Anthropic may be holding back Mythos, but it doesn't want its users to go hungry.
On Thursday, the company released Opus 4.7, the latest addition to the highest tier of its Claude model family. Anthropic said the model offers "notable improvement" in software engineering tasks compared to Opus 4.6, allowing users to "hand off their hardest coding work" and long-running tasks with greater confidence.
Anthropic also says Opus 4.7 can see images with substantially better resolution, produce more "tasteful and creative" outputs for professional tasks and produce higher-quality documents, slides and designs.
The company tested the model in preview with several companies, with several reporting gains in efficiency, reliability and speed. In a statement, Box's Head of AI, Yashodha Bhavnani, told The Deep View that the model was able to do significantly more with less, performing fewer tool calls and offering lower latency for "enhancements that will help enterprises move faster and scale more affordably."
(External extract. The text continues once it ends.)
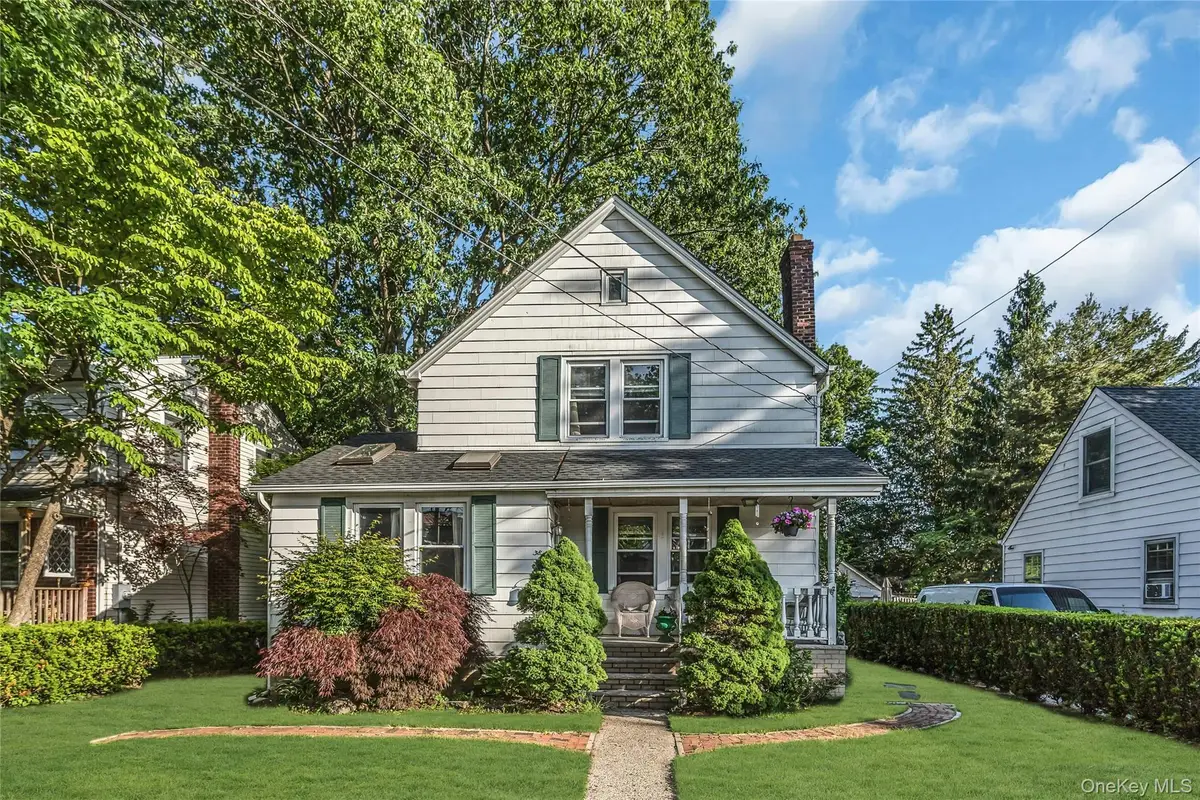 38 Macgregor Avenue, Roslyn Heights, NY 11577 - #1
Along with quelling the appetite of customers chomping at the bit to try Mythos, Anthropic's Opus 4.7 serves as a testbed for the cyber safeguards it is building as part of Project Glasswing, the company said. This model includes safeguards that automatically detect and block requests that signal prohibited or risky cybersecurity issues.
"What we learn from the real-world deployment of these safeguards will help us work towards our eventual goal of a broad release of Mythos-class models," Anthropic said in the announcement.
Anthropic has gotten the industry riled up with all of the chatter around Mythos. As the company figures out what to do with this extremely powerful (and compute-hungry) model, its archrival OpenAI has released GPT-5.4-Cyber and made it available to a wider audience than Mythos. While Anthropic says it intends to use Opus 4.7 to work up to Mythos, the company may be feeling the pressure to ship, especially as some users report switching to OpenAI's Codex as they run up against Claude's rapidly depleting quotas and uptime issues. But as users await Mythos, Opus 4.7 might feel like a consolation prize.